__WHAT YOU SHOULD DO__
Entries below include pictures. Output exactly the lines from the one with "2001 Honda Accord" down to the one with "Eyelash Storage Case", both ends included, and leave the pictures out.

__SOURCE RECORDS__
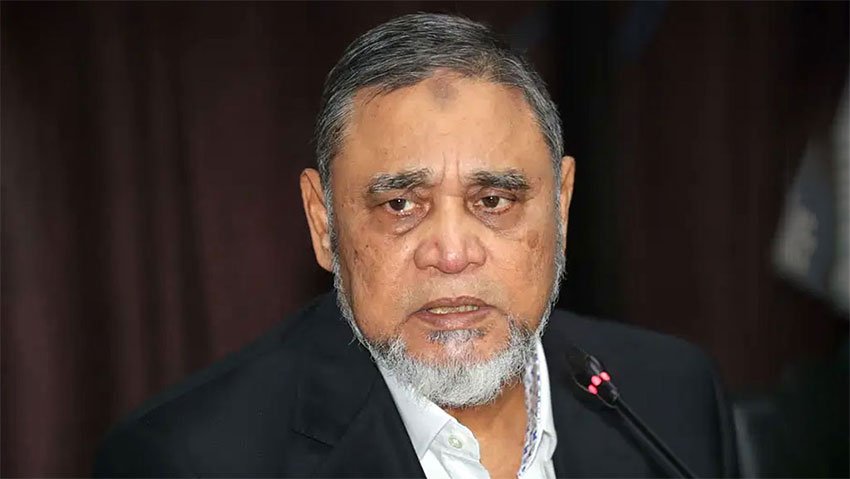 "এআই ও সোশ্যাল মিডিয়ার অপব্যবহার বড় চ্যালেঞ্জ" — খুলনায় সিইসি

* * *

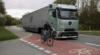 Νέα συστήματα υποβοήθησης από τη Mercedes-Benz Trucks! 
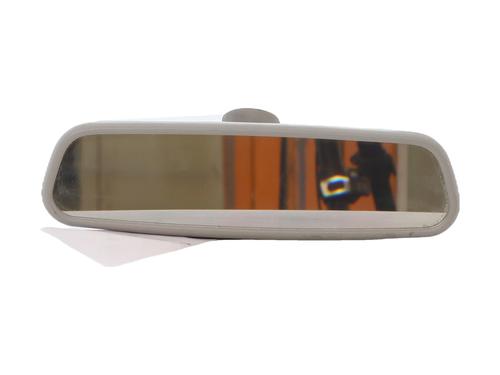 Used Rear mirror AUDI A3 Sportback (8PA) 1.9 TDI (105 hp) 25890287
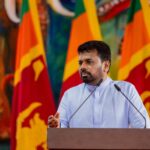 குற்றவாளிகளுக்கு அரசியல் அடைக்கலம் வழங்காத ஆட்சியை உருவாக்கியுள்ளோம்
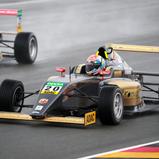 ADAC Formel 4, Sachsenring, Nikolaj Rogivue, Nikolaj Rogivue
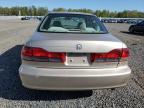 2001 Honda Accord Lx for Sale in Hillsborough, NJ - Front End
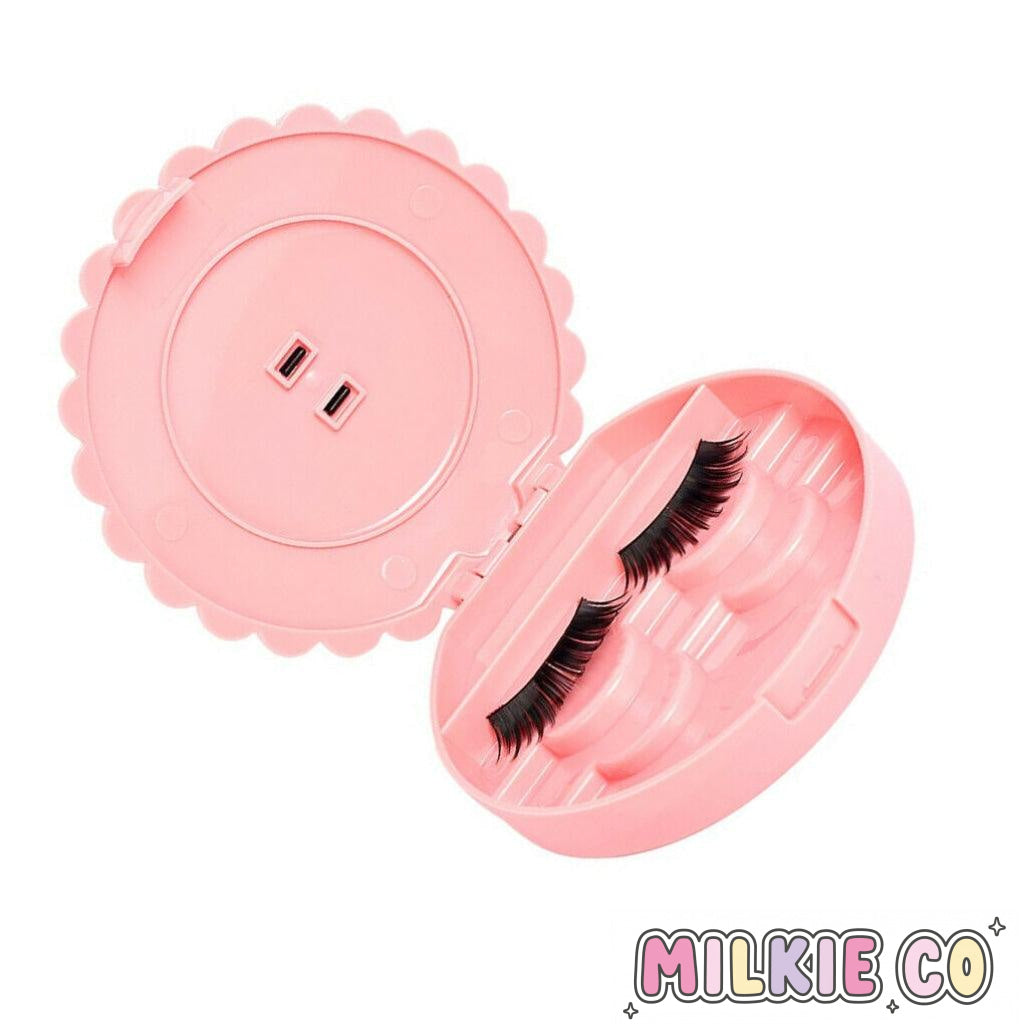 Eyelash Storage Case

---

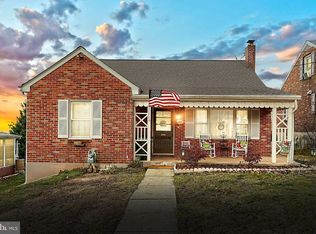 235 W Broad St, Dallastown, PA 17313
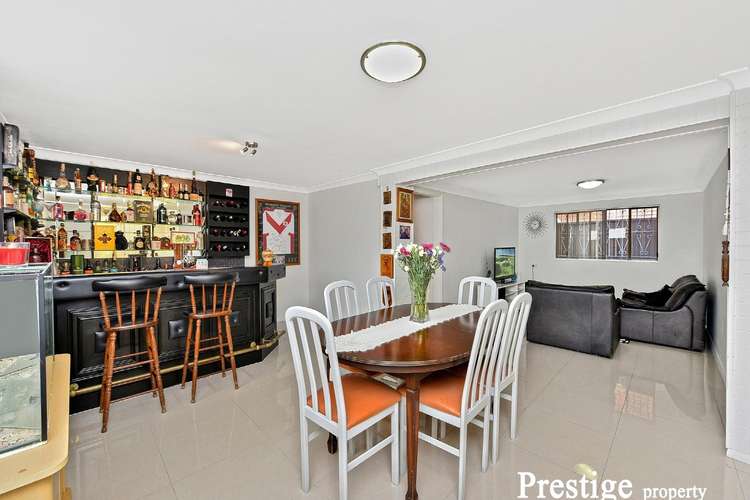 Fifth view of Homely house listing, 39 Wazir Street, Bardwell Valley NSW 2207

__EXERCISE OUTPUT__
 2001 Honda Accord Lx for Sale in Hillsborough, NJ - Front End
 Eyelash Storage Case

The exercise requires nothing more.